Your answer should hold the data exactly as given, minus any picture.

-*-

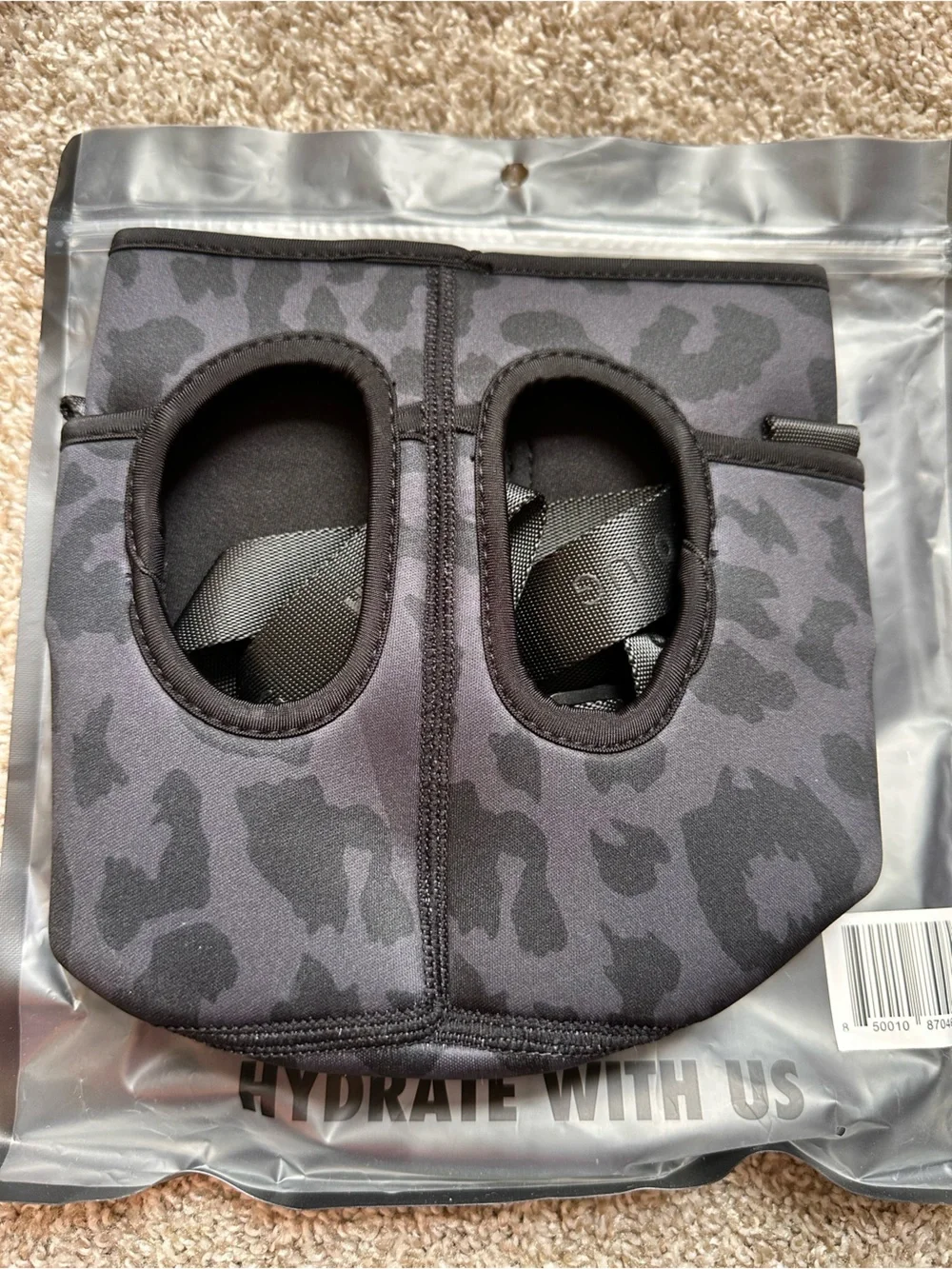HydroJug Black and Dark Gray Camo Neoprene Bottle Sleeve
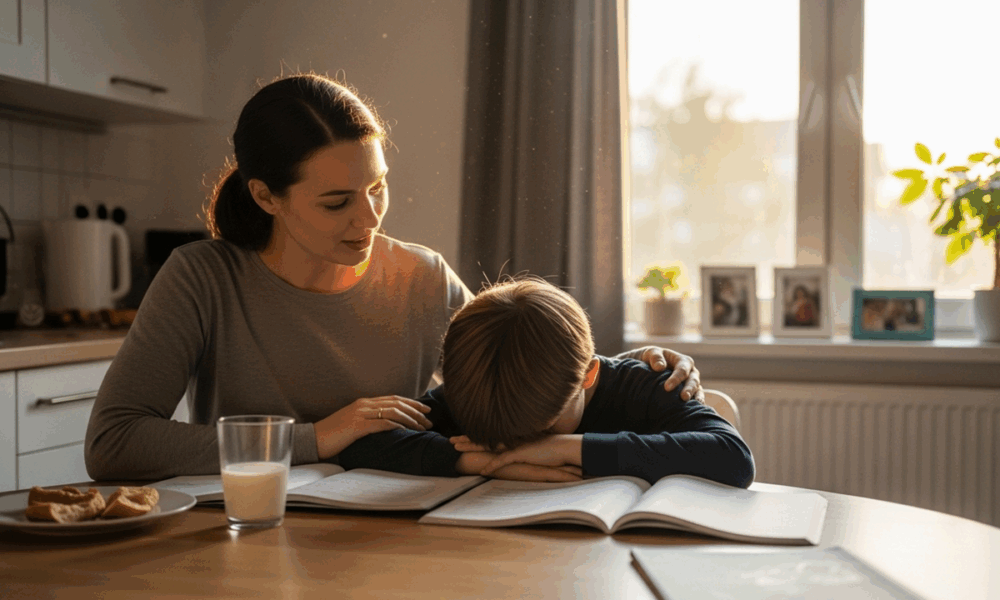 Parent offrant un accompagnement parental bienveillant à son enfant souffrant d'anxiété scolaire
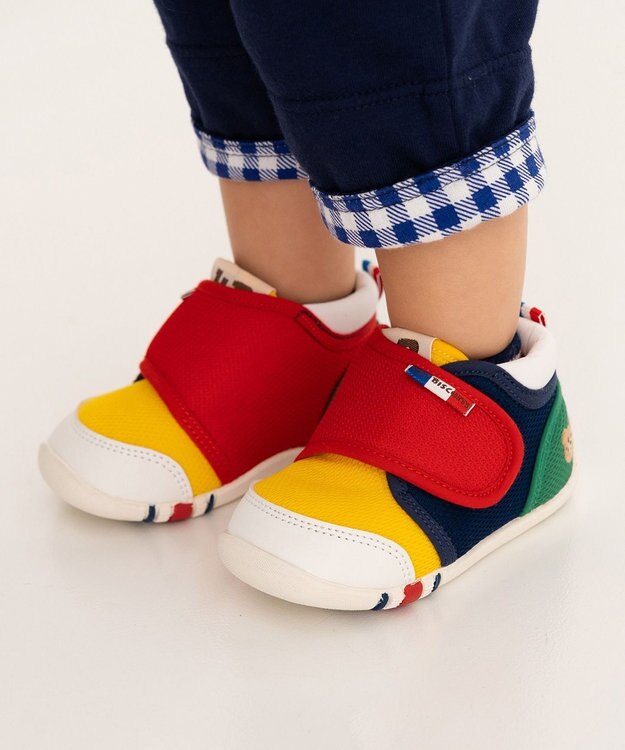 MIKI HOUSE HOT BISCUITS 【11.5-13cm】 ファーストベビーシューズ 赤×黄
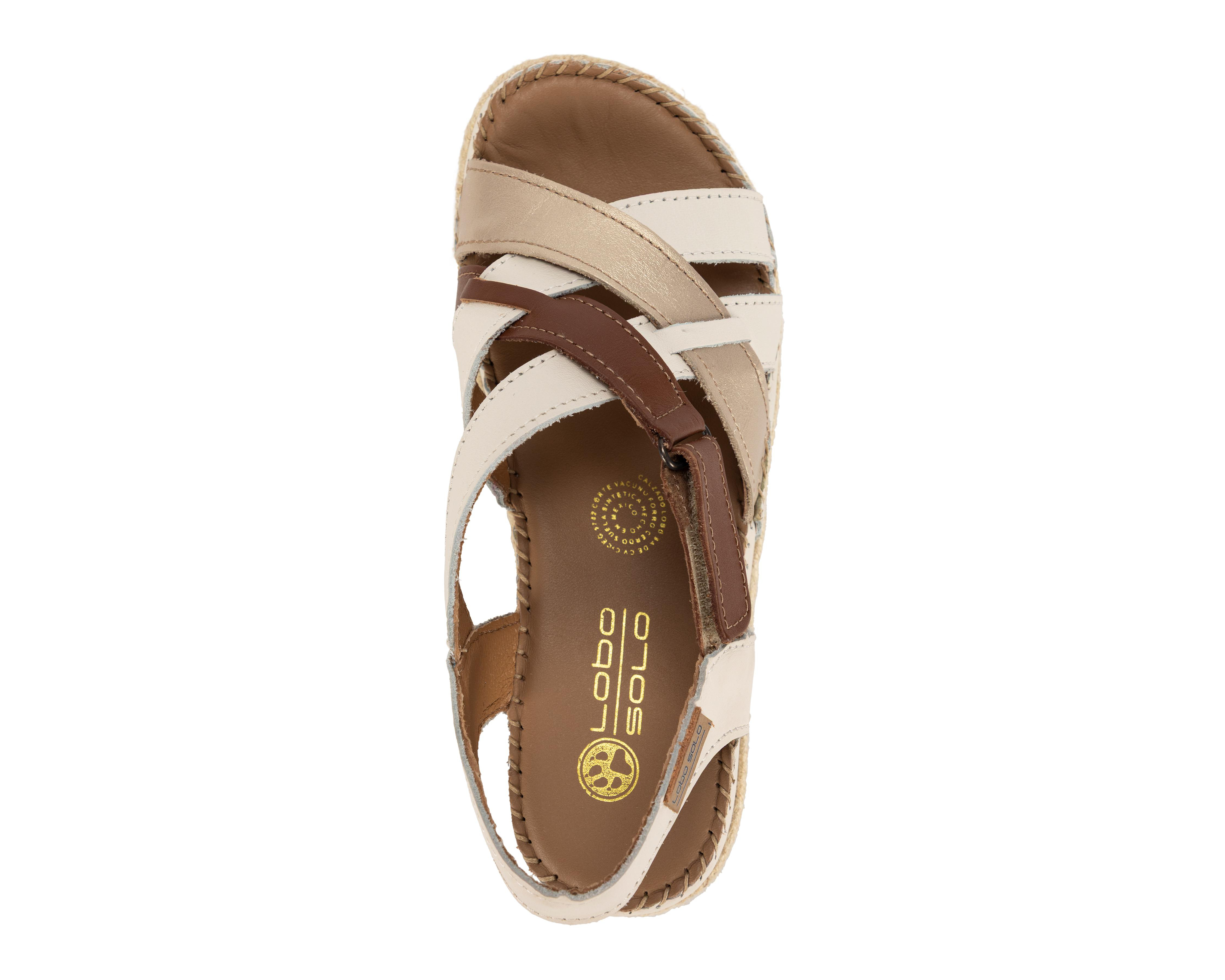 Foto 6 pulgar | Sandalias Confort Lobo Solo de Piel para Mujer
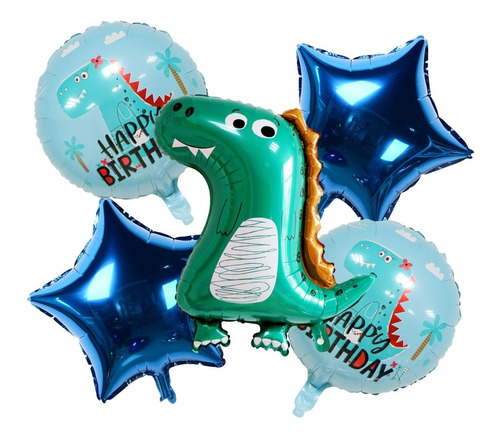 Kit 5 Globos Feliz Cumpleaños Dinosaurio Dino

-*-

ANSWER TO THIS EXERCISE:
HydroJug Black and Dark Gray Camo Neoprene Bottle Sleeve
 Parent offrant un accompagnement parental bienveillant à son enfant souffrant d'anxiété scolaire
 MIKI HOUSE HOT BISCUITS 【11.5-13cm】 ファーストベビーシューズ 赤×黄
 Foto 6 pulgar | Sandalias Confort Lobo Solo de Piel para Mujer
 Kit 5 Globos Feliz Cumpleaños Dinosaurio Dino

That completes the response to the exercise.